Bayesian Active Learning for Semantic Segmentation
This work addresses the problem of reducing annotation costs for semantic segmentation in computer vision, offering a domain-specific incremental improvement.
The paper tackles the high cost of pixel-level labeling for semantic segmentation by proposing a Bayesian active learning framework using Balanced Entropy (BalEnt) for uncertainty measurement, achieving supervised-level mIoU with only a fraction of labeled pixels and outperforming previous state-of-the-art methods by a large margin.

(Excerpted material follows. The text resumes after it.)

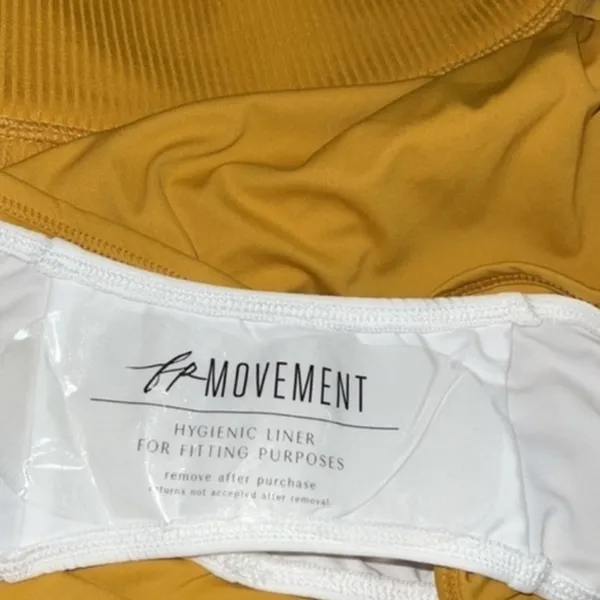 Free people movement Gametime in Shorts Mustard yellow - Image 3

Fully supervised training of semantic segmentation models is costly and challenging because each pixel within an image needs to be labeled. Therefore, the sparse pixel-level annotation methods have been introduced to train models with a subset of pixels within each image. We introduce a Bayesian active learning framework based on sparse pixel-level annotation that utilizes a pixel-level Bayesian uncertainty measure based on Balanced Entropy (BalEnt) [84]. BalEnt captures the information between the models' predicted marginalized probability distribution and the pixel labels. BalEnt has linear scalability with a closed analytical form and can be calculated independently per pixel without relational computations with other pixels. We train our proposed active learning framework for Cityscapes, Camvid, ADE20K and VOC2012 benchmark datasets and show that it reaches supervised levels of mIoU using only a fraction of labeled pixels while outperforming the previous state-of-the-art active learning models with a large margin.